A number of respiratory parameters, vital signs, and laboratory results can provide additional information according to Gurd, Schonfeld, and Lindeque’s criteria[9]. Overall, in this patient, we diagnosed FES with PE and conductive deafness based on typical hypoxia (PaO2: 58 mmHg in the arterial blood), mild neurological symptoms, fever (temperature: 38.4 °C > 38 °C), changes in vital signs (respiratory rate: 36/min > 30/min; heart rate: 120 bpm), and some laboratory tests combined with pulmonary CT findings. Nonetheless, there is no benchmark diagnostic test for FES. Many imaging modalities can facilitate the diagnosis of FES, but none of the findings are specific. Chest radiographic findings may show diffuse bilateral patchy infiltrates, consistent with acute ARDS, although this must be differentiated from pulmonary hemorrhage or pulmonary edema. Computed tomography angiography of the chest can demonstrate diffuse interlobular septal thickening with a superimposed ground-glass abnormality as well as numerous discrete small nodules, which are consistent with FES.
The most important treatment for FES is supportive care for the lung and cardiovascular system to correct hypoxia and maintain hemodynamic stability. Unnecessary transfers between wards and movement should be avoided to reduce the risk of the embolus breaking off and causing cardiopulmonary collapse. If patients exhibit neurologic involvement, frequent neurological examinations and intracranial pressure monitoring should be considered. The use of corticosteroids and heparin has been suggested as a possible treatment but remains controversial and has not been shown to reduce morbidity or mortality[17].

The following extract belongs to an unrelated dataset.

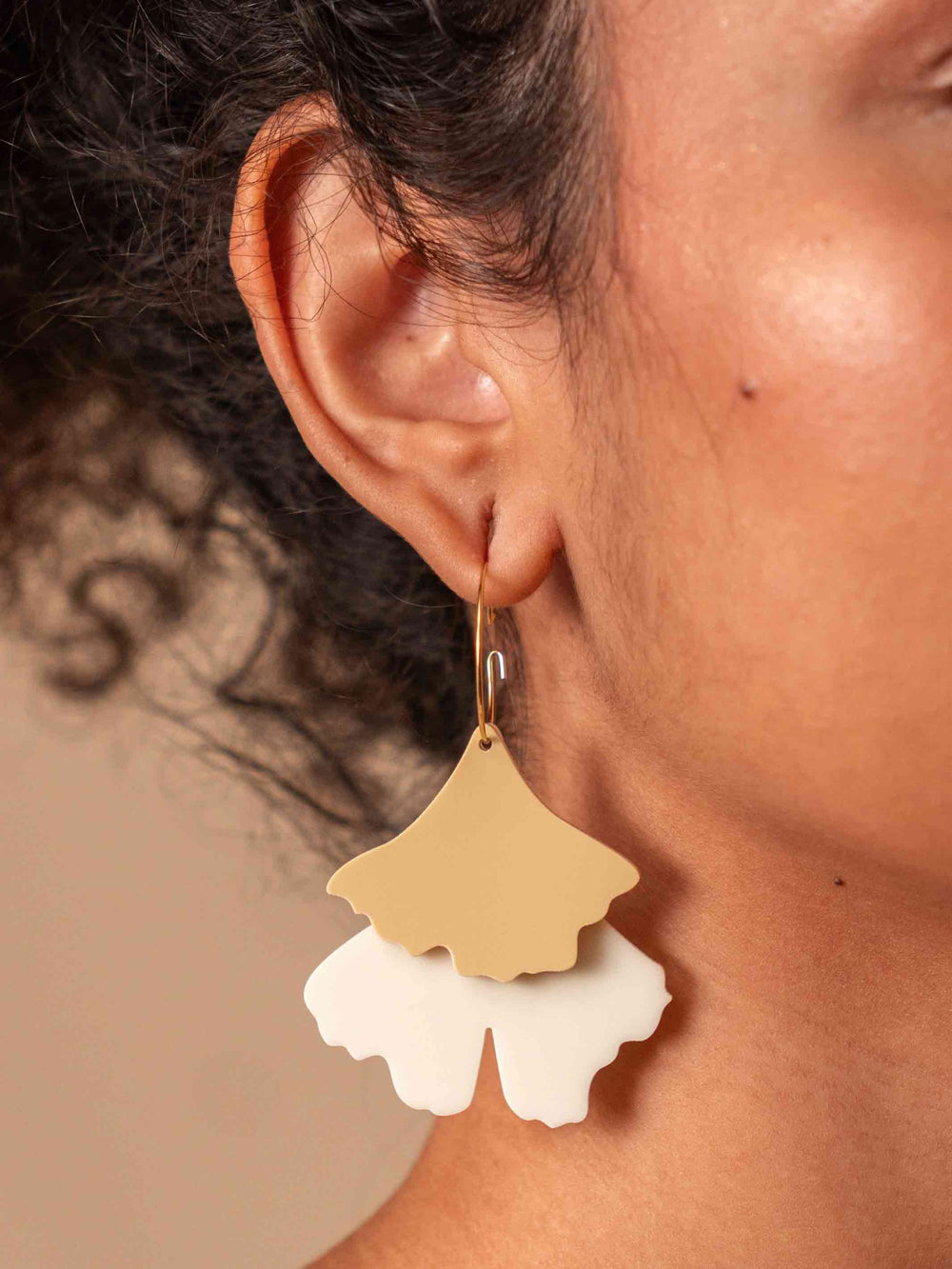 brinco_acrilico_off_bege_duas-design_moda-autoral_recife_pernambuco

Concomitant FES, PE, and tympanic membrane perforation are very rare but represent potentially fatal complications of trauma or orthopedic surgery and present with predominantly pulmonary symptoms. This case reminds us to carefully consider and examine similar patients who are encountered in clinical practice. Early diagnosis and treatment can reduce the mortality of FES, and prevention is better than a cure.